A: In early January 2005, on the 339th martian day (each day is a “sol”) of its mission, the Mars Exploration Rover (MER) Opportunity discovered a nickel-iron meteorite on the surface of Mars’ Meridiani Planum. It was the first meteorite found on another planet. Because the meteorite lies near the rover’s discarded heat shield, the MER team dubbed it Heat Shield Rock. (Its formal name is “Meridiani Planum,” but many scientists use its informal name.)

The meteorite is 12 inches (31 centimeters) long and shows the characteristic pits, hollows, and voids common in nickel-iron meteorites on Earth. Scientists estimate Heat Shield Rock’s mass is 88 pounds (40 kilograms).

Currently, the meteorite is resting on a flat plain of sulfate-rich sandstone, named the Burns Formation. There’s no sign of a crater near it, and a small drift of wind-blown sand has collected around the meteorite. Scientists have studied the nearby rocky geography, and they believe it erodes relatively easily.
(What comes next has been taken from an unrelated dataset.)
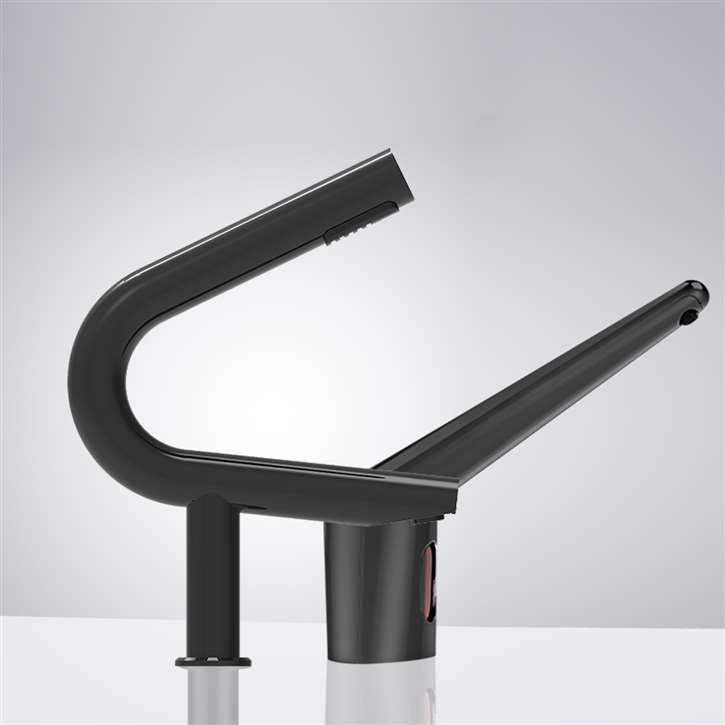 Fontana Commercial Automatic Touchless Sensor Faucet with Hand Dryer & Matching Automatic Soap Dispenser for Restrooms in Oil Rubbed Bronze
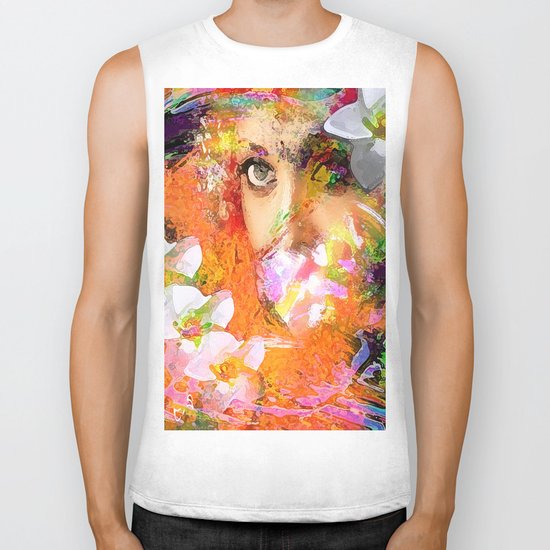 " The queen of flowers " Biker Tank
According to planetary researchers, Heat Shield Rock might have landed 3 billion years ago or 300,000 years ago. Scientists have no way to tell for sure. It’s also unclear whether it landed as an individual meteorite, broke off from a larger incoming mass, or survived a crater-making impact.

Heat Shield Rock does have some interesting features. It has an oxide coating that the MER team thinks might be rust instead of a fusion crust, which we typically expect for a meteorite due to its flight through an atmosphere. The meteorite also displays sculpting from wind-blown sand grains. Such details offer glimpses of a harsh environmental history for the region. For example, Block Island (a nickel-iron meteorite about twice the size of Heat Shield Rock discovered in 2009 on Mars) rests on a 2-inch-high (5cm) pedestal of Burns Formation sandstone, which suggests that much rock has eroded from around and underneath the meteorite since it landed.

So why isn’t there a crater at Heat Shield Rock? Long story short, the meteorite landed ages and ages ago, and it’s a great deal tougher than the rocks it’s sitting on.